- Born: 1790 San Juan de la Maguana
- Died: 1850 (aged 59–60) Santo Domingo
- Occupation: Writer, poet, editor

= Manuela Rodríguez Aybar =

Dominican poet

Manuela Rodríguez Aybar (c. 1790 - 1850) was a poet and essayist from the Dominican Republic. Known as "La Deana", she self-published poems and the autobiographical and political essay Historia de una mujer (History of a Woman, 1849).

Manuela Rodríguez Aybar was born on in San Juan de la Maguana. Her mother was Maria Rodríguez. Many of the details of her life, including the name of her father, are unknown. She lived with her godfather, José Gabriel Aybar, the dean of the Cathedral of Santo Domingo, the source of her nickname "La Deana".

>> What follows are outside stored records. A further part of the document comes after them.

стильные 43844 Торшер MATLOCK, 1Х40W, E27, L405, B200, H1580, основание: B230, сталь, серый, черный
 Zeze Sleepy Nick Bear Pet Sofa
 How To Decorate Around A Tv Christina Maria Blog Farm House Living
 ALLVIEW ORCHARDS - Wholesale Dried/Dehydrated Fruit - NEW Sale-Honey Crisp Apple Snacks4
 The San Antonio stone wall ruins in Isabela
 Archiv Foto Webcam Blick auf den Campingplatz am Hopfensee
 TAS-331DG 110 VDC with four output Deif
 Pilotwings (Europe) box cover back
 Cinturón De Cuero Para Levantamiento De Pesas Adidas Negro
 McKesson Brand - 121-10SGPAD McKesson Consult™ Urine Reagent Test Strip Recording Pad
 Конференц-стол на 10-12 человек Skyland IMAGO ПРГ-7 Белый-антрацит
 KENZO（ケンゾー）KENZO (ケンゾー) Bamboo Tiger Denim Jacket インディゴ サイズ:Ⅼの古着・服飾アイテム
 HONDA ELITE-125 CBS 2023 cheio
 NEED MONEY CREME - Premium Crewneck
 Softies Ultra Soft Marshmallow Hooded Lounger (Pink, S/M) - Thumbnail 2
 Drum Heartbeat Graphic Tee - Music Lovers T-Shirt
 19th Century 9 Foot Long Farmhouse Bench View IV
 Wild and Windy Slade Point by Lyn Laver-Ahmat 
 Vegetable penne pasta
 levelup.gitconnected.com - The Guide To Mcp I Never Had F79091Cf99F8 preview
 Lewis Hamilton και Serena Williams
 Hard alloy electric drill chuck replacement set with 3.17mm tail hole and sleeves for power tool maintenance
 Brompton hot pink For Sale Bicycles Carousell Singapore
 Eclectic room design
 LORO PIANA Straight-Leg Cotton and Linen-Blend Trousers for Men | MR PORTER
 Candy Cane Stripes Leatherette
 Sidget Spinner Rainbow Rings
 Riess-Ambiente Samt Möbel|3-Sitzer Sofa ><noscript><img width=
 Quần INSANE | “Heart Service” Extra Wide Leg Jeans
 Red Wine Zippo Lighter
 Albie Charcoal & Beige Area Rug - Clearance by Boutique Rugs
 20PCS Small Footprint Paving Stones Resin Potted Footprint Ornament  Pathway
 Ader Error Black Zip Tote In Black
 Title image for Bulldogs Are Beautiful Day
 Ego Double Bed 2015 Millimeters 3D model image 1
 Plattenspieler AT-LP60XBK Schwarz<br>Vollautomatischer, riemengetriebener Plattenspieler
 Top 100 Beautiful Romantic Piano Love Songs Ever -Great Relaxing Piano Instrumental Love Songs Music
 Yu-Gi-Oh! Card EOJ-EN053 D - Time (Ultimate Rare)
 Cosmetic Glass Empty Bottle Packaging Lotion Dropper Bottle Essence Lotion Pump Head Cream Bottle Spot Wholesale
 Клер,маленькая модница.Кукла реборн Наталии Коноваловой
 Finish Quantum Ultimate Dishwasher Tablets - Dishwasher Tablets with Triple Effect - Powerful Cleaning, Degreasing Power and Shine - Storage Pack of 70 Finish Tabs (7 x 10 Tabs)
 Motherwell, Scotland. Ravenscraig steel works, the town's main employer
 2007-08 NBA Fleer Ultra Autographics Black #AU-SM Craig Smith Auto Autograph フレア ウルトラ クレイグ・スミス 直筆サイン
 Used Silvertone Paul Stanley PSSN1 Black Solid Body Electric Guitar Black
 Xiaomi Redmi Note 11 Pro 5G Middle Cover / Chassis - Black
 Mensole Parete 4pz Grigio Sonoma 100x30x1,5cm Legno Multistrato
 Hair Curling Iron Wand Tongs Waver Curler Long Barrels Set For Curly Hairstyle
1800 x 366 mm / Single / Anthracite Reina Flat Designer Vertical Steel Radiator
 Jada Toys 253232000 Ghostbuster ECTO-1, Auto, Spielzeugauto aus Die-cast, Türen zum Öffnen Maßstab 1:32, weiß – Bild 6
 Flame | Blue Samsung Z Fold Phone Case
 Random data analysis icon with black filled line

Rodríguez Aybar self-published her work, mostly décimas and other poems, using a hand-cranked printing press that is thought to be the first privately owned printing press in the Dominican Republic. She distributed her work in the form of leaflets and pamphlets to the masons rebuilding colonial fortifications in Santo Domingo and other working class people. Many of these works have not survived. She is thought to have printed La Miscelánea, clandestine political newspaper published around 1821, and in 1843 edited La Chicharra, a long-running leaflet.

She was a stalwart, outspoken supporter of President Pedro Santana, and Santana's negative historical reputation is thought to be why her work has fallen into obscurity. Santana's rival, President Manuel Jimenes, attempted to imprison and execute Rodríguez Aybar. She fled to the home of Jonathan Elliot, a United States commercial agent, and there she wrote Historia de una mujer, which discusses her political and feminist views regarding the role of government and the place of women in the Dominican Republic.

Manuela Rodríguez Aybar died in 1850 in Santo Domingo.